Une conversation téléphonique, rupture et abandon, «Dans le temps, un regard pouvait tout changer mais avec tous ces appareils ce qui est fini, est fini ». Elle, après quelques tentatives infructueuses, finit par joindre son destinataire : elle doit rendre des lettres à cet ancien amant et transcender sa souffrance présente.
Non-dits, sous-entendus plus ou moins explicites, interruptions de la ligne téléphonique, la séparation à la fois physique et morale est vécue, de secondes en minutes et heures, dans la douleur. Sentiment de solitude, isolement, abandon, Irène Jacob ne sait ni ne peut plus se tenir debout et elle a voulu attenter à sa vie.

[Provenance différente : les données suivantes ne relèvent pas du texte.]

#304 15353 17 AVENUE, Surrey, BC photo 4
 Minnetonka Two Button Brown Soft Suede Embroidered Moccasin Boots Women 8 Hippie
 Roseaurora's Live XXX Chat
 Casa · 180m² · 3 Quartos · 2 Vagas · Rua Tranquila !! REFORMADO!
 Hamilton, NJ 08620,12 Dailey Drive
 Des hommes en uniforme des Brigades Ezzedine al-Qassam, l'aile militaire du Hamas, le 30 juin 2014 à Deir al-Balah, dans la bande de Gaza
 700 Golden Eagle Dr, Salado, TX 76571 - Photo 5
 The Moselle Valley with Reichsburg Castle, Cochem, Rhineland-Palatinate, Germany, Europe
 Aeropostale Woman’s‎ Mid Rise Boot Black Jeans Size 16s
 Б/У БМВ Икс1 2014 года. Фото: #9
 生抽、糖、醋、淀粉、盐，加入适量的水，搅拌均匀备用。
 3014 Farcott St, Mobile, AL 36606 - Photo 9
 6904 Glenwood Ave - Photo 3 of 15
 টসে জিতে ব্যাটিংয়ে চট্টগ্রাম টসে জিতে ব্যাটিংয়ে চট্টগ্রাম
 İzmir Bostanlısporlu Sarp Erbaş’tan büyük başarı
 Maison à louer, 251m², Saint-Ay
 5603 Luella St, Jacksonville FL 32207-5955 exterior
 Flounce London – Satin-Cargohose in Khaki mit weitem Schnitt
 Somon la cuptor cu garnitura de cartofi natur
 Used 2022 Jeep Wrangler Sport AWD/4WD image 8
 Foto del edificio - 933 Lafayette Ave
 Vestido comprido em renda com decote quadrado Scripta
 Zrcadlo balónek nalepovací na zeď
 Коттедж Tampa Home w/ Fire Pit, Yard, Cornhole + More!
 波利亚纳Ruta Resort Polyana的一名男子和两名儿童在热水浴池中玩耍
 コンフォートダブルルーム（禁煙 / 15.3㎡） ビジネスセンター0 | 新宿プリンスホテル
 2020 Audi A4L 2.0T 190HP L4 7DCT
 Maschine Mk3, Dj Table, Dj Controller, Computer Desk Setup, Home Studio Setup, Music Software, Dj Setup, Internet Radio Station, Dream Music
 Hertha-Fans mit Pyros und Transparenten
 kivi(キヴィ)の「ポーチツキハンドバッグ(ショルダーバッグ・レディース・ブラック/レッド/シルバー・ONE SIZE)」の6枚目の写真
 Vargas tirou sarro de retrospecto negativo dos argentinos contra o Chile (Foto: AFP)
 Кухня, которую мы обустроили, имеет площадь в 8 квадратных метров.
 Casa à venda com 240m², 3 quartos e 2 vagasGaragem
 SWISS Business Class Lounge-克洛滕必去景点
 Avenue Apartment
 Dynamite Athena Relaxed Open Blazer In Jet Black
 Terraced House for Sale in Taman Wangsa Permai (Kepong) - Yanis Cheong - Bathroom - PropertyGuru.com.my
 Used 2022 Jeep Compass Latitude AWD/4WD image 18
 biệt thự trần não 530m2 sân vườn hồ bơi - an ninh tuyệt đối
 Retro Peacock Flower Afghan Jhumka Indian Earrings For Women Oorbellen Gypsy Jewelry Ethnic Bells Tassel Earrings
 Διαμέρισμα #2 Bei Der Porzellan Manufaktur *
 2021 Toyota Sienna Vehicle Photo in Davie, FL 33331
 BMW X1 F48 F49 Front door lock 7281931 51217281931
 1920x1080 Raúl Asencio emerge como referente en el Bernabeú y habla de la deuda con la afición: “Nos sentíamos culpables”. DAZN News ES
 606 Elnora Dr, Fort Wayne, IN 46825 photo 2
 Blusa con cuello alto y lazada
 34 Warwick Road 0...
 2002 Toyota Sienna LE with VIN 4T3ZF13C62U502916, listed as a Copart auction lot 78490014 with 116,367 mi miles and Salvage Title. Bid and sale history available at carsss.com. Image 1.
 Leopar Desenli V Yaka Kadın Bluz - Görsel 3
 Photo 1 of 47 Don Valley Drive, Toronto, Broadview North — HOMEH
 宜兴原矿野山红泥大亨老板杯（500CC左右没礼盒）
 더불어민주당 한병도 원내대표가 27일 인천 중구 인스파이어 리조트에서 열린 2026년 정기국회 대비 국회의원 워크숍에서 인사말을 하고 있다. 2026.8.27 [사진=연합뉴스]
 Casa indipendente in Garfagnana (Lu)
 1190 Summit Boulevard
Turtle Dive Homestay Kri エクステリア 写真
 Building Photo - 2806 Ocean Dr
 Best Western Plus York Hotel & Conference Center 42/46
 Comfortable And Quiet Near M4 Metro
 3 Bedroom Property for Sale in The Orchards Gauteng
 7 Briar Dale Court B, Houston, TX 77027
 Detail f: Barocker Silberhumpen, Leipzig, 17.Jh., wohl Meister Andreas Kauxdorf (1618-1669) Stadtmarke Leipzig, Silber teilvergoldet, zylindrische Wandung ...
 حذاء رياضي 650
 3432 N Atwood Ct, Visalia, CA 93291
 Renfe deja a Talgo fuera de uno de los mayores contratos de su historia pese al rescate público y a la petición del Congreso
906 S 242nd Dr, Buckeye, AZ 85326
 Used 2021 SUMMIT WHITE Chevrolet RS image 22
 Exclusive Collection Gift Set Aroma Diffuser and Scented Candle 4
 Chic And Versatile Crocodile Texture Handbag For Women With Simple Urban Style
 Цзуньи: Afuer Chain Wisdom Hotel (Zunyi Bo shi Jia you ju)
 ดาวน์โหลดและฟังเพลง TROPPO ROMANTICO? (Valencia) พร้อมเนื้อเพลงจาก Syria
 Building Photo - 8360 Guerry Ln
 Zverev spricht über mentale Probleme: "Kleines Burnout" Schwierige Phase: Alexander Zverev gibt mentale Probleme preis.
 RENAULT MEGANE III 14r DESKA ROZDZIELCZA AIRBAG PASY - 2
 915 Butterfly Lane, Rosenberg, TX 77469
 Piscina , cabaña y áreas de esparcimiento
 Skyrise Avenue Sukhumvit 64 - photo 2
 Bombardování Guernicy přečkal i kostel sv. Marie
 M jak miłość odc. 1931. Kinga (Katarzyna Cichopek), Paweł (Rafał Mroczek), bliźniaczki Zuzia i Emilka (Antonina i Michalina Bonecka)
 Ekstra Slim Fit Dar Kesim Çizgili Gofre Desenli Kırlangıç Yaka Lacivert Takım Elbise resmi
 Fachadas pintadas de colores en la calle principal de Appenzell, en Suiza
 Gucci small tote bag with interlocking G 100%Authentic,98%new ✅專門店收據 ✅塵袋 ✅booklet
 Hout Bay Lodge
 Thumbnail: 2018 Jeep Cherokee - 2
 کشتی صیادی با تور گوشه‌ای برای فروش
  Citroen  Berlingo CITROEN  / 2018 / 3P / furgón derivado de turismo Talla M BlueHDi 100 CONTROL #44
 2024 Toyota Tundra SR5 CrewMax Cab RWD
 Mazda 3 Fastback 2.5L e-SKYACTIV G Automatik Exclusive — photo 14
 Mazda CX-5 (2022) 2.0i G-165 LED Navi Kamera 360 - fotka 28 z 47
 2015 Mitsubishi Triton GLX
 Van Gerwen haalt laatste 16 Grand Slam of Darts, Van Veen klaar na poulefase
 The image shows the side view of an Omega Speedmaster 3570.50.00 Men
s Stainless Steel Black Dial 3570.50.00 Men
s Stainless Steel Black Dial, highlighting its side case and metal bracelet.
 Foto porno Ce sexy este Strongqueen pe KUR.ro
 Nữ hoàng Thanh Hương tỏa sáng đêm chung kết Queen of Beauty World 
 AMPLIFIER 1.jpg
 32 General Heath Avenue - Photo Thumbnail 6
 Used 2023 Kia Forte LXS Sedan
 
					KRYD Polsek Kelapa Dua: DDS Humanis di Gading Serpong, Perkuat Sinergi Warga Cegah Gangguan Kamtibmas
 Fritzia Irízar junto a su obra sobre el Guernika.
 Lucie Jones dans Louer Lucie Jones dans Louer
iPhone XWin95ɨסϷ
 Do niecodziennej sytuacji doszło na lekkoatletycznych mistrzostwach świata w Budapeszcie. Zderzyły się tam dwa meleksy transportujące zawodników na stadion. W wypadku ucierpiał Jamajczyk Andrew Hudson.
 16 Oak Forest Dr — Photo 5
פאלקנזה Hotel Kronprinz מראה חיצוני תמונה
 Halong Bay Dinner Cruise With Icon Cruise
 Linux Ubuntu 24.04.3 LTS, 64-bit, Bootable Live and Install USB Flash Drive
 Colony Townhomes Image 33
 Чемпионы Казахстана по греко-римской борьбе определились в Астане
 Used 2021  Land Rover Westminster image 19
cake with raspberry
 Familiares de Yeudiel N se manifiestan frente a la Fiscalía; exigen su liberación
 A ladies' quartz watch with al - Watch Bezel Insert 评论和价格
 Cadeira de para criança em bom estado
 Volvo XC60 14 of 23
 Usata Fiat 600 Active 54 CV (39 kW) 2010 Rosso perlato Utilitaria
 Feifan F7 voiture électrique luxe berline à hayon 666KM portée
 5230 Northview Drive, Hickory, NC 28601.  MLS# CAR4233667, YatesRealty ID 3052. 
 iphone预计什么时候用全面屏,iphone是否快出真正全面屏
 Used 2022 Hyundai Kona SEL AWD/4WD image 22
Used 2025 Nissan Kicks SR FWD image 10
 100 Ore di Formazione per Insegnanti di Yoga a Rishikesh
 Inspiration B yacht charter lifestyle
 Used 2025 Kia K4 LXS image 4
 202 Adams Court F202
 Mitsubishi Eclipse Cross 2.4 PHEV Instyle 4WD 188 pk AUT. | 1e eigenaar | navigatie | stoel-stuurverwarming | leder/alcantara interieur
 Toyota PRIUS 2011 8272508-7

La pièce créée en 1930 à la Comédie-Française dans des décors de Christian Bérard eut une première représentation privée, chahutée par les Surréalistes. Innovante, elle met en scène un seul personnage : une femme à son téléphone avec un dialogue tronqué. Roland Auzet se saisit du texte de Jean Cocteau pour aller plus loin encore dans sa perception par le public hyper-connecté d’aujourd’hui. Il imagine une symphonie urbaine entre ciel et terre. Et la chorégraphe Joëlle Bouvier dirige la partition corporelle de l’actrice.
L’espace de scène et les spectateurs s’installent sous l’habitacle surélevé, pieds nus sur le tapis, assis par terre, allongés sur des coussins, ou assis encore sur une chaise autour de l’espace quadrifrontal. La plate-forme en plexiglass de l’action dramatique accueille ainsi son public en-dessous, construisant un rapport intime singulier à la narration théâtrale et sonore. La scénographie fait songer à un ring de boxe placé en hauteur, faisant jouer les couleurs et lumières changeantes d’un toit installé, selon la palette de Bernard Revel.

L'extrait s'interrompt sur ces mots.